* _THE PROBLEM_: A verbatim reproduction of the lines below, from the line containing "XS/ na lalafo.rs" through the line containing "2005' Volkswagen Polo photo #4", both ends included, is the whole required output.

* _PROVIDED ENTRIES_:
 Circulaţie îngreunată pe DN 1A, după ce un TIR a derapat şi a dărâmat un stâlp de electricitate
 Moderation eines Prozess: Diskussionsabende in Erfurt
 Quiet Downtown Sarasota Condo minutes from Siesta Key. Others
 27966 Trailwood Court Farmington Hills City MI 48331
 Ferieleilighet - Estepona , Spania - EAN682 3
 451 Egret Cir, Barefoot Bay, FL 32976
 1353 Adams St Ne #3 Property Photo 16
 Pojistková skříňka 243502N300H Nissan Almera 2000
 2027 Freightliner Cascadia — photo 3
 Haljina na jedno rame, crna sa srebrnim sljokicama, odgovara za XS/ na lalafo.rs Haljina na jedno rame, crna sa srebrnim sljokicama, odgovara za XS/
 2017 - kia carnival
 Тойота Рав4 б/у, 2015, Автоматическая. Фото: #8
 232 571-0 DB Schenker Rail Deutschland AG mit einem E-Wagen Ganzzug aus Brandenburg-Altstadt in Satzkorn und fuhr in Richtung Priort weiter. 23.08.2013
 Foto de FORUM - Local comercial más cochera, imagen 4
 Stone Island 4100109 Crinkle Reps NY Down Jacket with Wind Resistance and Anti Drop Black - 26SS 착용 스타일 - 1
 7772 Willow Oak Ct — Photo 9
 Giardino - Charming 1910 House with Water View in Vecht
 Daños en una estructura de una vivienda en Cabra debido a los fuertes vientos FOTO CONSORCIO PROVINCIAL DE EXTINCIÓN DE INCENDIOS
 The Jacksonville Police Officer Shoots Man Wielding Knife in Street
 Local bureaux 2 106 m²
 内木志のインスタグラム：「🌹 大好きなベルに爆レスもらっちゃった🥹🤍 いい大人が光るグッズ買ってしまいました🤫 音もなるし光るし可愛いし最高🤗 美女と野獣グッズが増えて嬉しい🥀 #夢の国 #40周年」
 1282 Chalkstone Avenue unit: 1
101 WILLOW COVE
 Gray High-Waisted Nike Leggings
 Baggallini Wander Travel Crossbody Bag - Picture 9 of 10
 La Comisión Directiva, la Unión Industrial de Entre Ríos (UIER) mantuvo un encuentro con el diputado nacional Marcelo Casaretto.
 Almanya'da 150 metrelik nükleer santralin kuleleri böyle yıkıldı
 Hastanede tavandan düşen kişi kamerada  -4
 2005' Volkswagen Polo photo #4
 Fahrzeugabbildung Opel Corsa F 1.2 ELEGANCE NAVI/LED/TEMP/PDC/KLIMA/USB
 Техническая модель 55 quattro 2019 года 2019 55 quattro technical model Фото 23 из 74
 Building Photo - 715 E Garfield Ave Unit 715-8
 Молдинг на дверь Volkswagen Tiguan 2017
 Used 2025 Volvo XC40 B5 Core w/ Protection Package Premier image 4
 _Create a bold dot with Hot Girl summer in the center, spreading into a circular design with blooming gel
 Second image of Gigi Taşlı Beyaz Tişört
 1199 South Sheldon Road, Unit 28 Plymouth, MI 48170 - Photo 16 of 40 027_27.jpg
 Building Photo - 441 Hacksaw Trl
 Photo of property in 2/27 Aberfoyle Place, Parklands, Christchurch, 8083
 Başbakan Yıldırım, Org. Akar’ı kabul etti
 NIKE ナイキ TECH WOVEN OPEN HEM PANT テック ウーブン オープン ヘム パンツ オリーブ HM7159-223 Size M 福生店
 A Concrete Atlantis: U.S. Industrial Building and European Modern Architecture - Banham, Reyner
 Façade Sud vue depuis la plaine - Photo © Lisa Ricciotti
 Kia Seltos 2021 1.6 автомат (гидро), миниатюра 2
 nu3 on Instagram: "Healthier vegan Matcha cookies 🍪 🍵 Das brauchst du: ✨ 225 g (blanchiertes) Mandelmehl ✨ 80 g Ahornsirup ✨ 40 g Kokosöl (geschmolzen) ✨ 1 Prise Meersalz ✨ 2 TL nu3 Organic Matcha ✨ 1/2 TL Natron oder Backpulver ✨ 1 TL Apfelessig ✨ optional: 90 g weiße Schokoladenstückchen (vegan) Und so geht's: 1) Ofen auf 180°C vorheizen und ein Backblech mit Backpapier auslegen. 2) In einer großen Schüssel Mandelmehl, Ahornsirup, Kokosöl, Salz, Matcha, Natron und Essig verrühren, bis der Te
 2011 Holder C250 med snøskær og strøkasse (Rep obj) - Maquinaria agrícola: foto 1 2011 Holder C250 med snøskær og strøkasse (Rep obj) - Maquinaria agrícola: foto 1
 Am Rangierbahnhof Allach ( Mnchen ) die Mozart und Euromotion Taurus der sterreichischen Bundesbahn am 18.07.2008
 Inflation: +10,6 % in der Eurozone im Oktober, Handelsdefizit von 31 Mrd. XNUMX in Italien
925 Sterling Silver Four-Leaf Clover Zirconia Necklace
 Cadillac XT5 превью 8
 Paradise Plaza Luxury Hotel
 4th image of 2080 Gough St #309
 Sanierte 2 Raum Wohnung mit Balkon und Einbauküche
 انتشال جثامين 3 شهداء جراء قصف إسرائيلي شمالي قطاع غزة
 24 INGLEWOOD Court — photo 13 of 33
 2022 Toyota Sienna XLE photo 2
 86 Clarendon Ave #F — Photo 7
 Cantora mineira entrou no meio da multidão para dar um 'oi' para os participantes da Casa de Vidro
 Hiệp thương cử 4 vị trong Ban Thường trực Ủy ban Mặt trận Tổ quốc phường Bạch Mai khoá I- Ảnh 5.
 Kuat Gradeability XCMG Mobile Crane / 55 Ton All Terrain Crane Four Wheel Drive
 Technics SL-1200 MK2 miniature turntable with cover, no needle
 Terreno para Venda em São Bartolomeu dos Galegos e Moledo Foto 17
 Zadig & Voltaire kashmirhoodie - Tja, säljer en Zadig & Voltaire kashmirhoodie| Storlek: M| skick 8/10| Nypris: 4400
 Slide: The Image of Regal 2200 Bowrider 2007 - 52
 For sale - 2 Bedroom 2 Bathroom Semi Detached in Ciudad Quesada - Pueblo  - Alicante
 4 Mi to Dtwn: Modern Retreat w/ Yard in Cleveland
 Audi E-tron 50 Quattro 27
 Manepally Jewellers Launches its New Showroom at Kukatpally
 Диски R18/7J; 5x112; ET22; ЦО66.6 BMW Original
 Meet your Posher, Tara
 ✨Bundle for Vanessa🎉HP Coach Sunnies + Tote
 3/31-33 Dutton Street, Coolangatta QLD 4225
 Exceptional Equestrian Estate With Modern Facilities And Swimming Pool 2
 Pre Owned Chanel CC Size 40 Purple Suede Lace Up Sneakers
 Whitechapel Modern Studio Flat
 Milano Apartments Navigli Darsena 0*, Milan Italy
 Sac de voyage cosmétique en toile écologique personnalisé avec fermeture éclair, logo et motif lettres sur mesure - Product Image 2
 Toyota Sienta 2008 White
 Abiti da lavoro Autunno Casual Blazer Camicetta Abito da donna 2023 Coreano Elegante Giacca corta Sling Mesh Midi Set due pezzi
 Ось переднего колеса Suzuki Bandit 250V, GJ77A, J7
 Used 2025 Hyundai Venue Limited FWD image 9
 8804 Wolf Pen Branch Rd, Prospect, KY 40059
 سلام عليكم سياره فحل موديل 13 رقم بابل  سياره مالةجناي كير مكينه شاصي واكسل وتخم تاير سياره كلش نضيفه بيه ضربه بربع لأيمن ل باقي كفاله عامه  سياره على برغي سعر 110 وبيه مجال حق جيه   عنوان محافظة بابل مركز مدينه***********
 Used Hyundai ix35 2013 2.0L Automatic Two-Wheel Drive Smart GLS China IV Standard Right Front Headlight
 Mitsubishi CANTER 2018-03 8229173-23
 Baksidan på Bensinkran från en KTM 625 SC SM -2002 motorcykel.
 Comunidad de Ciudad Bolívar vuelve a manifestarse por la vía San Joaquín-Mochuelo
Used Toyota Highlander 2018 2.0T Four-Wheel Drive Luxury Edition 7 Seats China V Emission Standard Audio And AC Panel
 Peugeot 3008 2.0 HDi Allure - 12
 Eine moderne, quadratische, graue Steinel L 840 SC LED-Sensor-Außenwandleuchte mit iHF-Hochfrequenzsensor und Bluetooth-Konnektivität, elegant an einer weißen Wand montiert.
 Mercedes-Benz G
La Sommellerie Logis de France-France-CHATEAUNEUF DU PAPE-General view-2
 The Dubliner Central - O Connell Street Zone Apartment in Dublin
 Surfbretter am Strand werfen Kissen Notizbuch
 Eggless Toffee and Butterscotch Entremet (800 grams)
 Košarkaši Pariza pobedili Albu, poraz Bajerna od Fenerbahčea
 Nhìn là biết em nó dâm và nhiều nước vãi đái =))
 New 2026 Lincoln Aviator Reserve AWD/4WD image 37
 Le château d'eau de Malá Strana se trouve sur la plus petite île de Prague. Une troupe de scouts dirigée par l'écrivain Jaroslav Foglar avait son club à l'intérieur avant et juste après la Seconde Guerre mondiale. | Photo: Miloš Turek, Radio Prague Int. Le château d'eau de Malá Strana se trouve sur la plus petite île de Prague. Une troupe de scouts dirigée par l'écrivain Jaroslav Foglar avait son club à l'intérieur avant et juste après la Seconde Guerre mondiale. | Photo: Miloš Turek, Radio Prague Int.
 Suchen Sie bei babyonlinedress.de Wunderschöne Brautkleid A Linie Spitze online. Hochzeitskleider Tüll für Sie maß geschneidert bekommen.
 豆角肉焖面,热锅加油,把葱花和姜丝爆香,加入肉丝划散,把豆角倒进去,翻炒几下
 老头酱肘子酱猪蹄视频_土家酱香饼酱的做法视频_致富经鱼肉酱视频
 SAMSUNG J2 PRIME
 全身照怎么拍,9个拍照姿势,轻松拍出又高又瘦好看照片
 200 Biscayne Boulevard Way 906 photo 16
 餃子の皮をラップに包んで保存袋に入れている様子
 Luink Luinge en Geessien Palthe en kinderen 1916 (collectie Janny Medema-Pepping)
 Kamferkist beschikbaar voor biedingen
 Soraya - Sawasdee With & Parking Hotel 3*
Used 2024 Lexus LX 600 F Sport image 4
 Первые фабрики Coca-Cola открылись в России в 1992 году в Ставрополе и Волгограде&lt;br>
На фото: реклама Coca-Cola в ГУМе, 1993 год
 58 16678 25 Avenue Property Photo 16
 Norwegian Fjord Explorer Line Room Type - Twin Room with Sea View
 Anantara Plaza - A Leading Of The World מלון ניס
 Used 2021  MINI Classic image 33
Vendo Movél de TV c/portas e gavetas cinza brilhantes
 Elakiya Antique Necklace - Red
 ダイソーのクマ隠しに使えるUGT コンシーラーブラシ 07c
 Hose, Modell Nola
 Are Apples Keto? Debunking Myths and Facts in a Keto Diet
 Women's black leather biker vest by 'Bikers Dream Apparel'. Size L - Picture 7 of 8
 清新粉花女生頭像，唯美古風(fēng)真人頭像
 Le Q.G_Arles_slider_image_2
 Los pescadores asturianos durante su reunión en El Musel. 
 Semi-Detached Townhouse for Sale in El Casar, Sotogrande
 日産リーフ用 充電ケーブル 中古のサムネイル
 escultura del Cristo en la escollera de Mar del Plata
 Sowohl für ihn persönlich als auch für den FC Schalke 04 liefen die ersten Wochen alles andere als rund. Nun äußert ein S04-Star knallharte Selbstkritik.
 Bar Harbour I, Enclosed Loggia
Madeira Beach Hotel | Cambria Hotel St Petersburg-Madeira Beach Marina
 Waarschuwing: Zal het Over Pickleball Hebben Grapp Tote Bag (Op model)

* _RESPONSE BELOW_:
 Haljina na jedno rame, crna sa srebrnim sljokicama, odgovara za XS/ na lalafo.rs Haljina na jedno rame, crna sa srebrnim sljokicama, odgovara za XS/
 2017 - kia carnival
 Тойота Рав4 б/у, 2015, Автоматическая. Фото: #8
 232 571-0 DB Schenker Rail Deutschland AG mit einem E-Wagen Ganzzug aus Brandenburg-Altstadt in Satzkorn und fuhr in Richtung Priort weiter. 23.08.2013
 Foto de FORUM - Local comercial más cochera, imagen 4
 Stone Island 4100109 Crinkle Reps NY Down Jacket with Wind Resistance and Anti Drop Black - 26SS 착용 스타일 - 1
 7772 Willow Oak Ct — Photo 9
 Giardino - Charming 1910 House with Water View in Vecht
 Daños en una estructura de una vivienda en Cabra debido a los fuertes vientos FOTO CONSORCIO PROVINCIAL DE EXTINCIÓN DE INCENDIOS
 The Jacksonville Police Officer Shoots Man Wielding Knife in Street
 Local bureaux 2 106 m²
 内木志のインスタグラム：「🌹 大好きなベルに爆レスもらっちゃった🥹🤍 いい大人が光るグッズ買ってしまいました🤫 音もなるし光るし可愛いし最高🤗 美女と野獣グッズが増えて嬉しい🥀 #夢の国 #40周年」
 1282 Chalkstone Avenue unit: 1
101 WILLOW COVE
 Gray High-Waisted Nike Leggings
 Baggallini Wander Travel Crossbody Bag - Picture 9 of 10
 La Comisión Directiva, la Unión Industrial de Entre Ríos (UIER) mantuvo un encuentro con el diputado nacional Marcelo Casaretto.
 Almanya'da 150 metrelik nükleer santralin kuleleri böyle yıkıldı
 Hastanede tavandan düşen kişi kamerada  -4
 2005' Volkswagen Polo photo #4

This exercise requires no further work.